The qualifications to become a certified midwife include a bachelor's degree in nursing or other relevant field, completion of a midwife program approved by the American College of Nurse-Midwives Accreditation Commission for Midwifery Education, and a Certified Midwife certification, according to Study.com. Registered nurses may obtain Certified Nurse Midwife certifications to start practicing as midwives.
After finishing a bachelor's degree or becoming a registered nurse, the next step in earning the Certified Midwife or Certified Nurse Midwife title is to take a graduate degree midwife program, explains Study.com. Aspiring midwives may also opt for the Certified Professional Midwife title by completing an accredited program, completing an apprenticeship or gaining adequate experience.

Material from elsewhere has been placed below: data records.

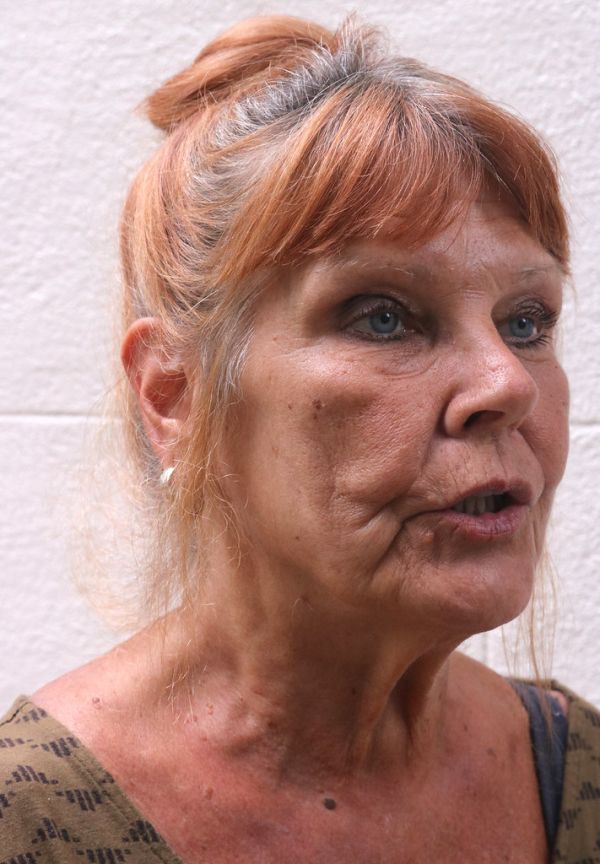 Female Face: Linda #132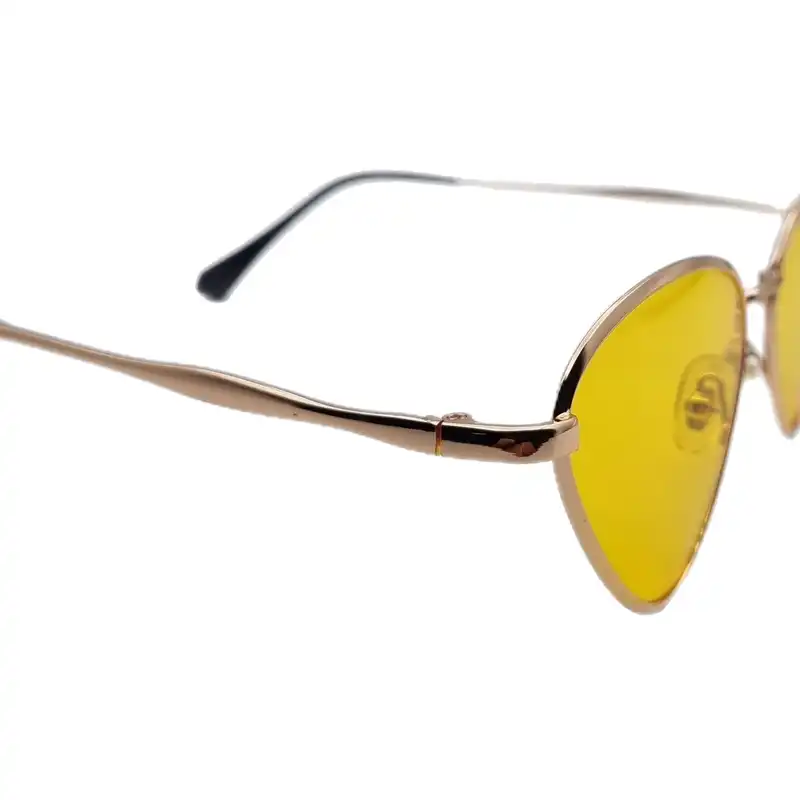 عینک شب زنانه مدل 1262pm-7622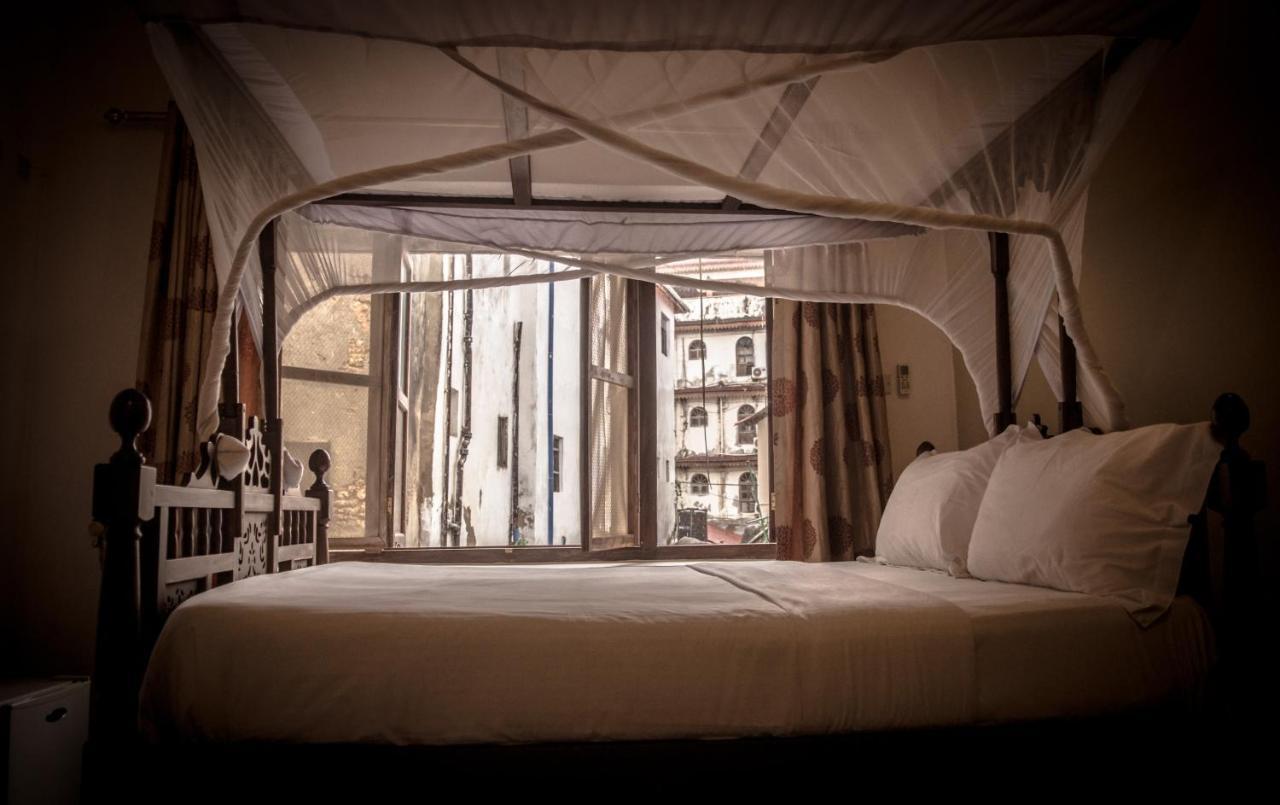 Bed & Breakfast Stone Town Cafe Zanzibar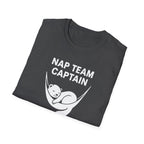 Nap Team Captain T-Shirt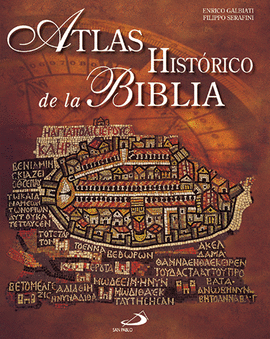 ATLAS HISTORICO DE LA BIBLIA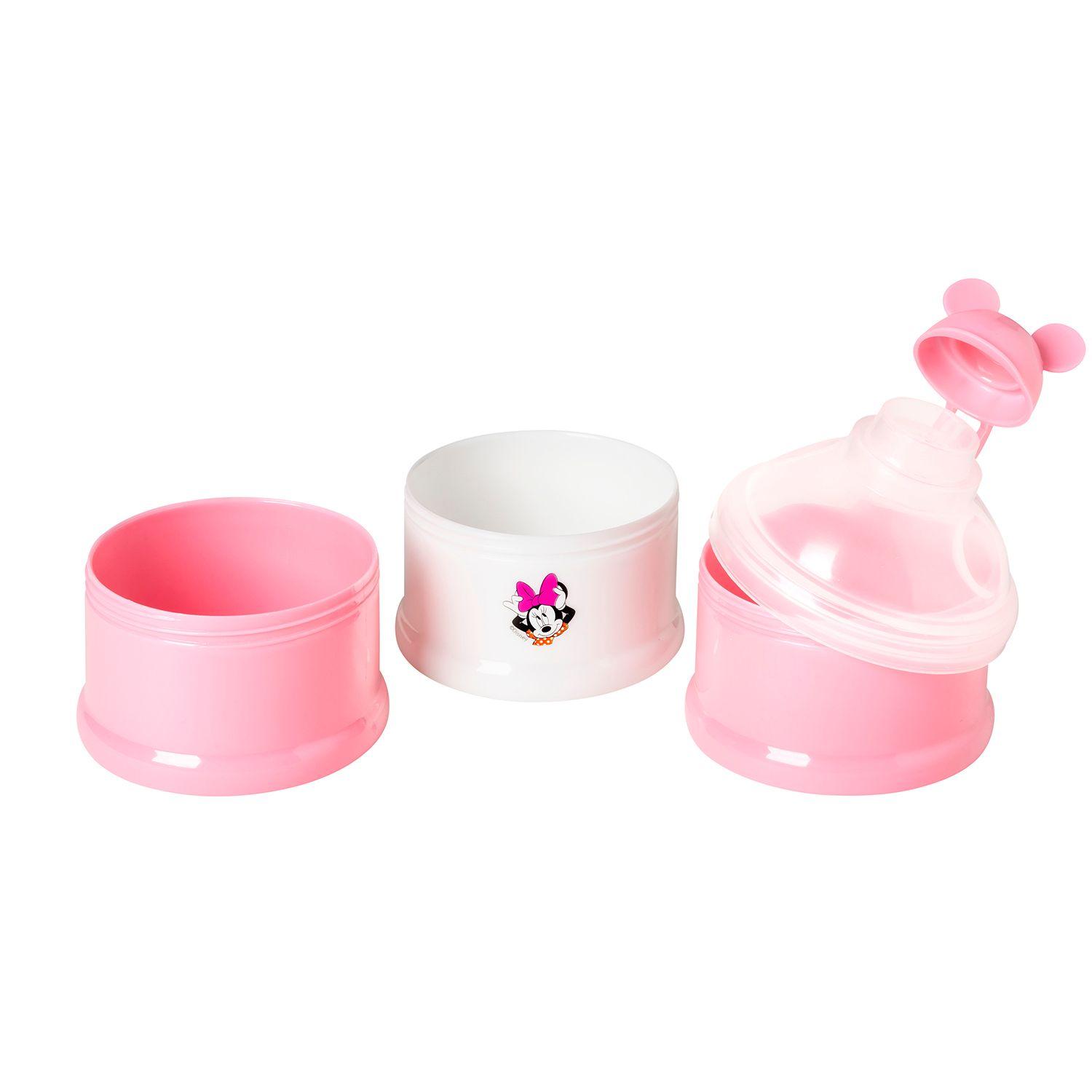 Contenedor de Leche Disney Baby Minnie -1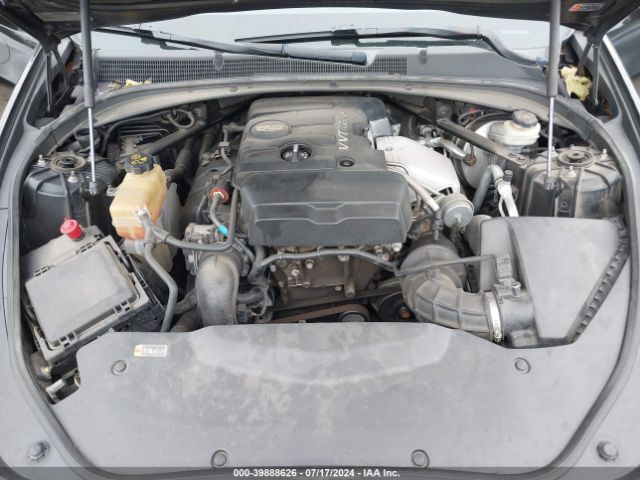 1G6AW5SX2G0179763 Cadillac Cts Standard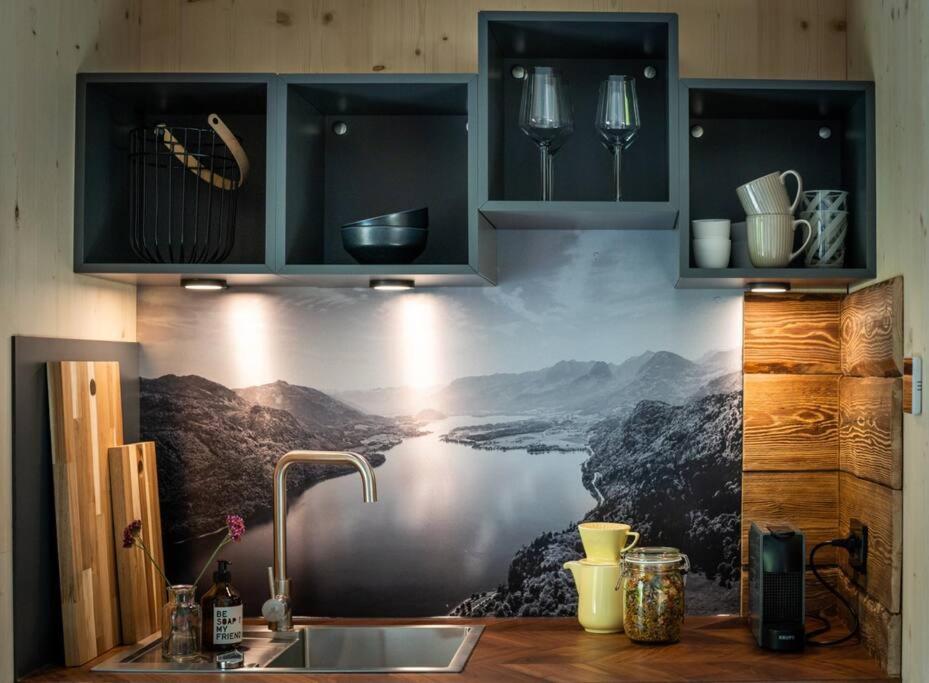 Basecamp Salzkammergut - Exklusives Apartment mitten im Salzkammergut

Aspiring midwives who are unable to finish an accredited program should comply with the Portfolio Evaluation Process, or PEP, set by the North American Registry of Midwives to obtain certification, notes Study.com. The process requires candidates to undergo firsthand training under the tutelage of an experienced professional with proper credentials. Candidates must show proof of experience before taking the exam for midwife certification.
Certified midwives should renew their certifications by completing continuing education or retaking the certification test, reports Study.com. Certified Nurse Midwives and Certified Midwives should join the five-year certificate maintenance program supervised by the American Midwifery Certification Board, while Certified Professional Midwives should complete a three-year program.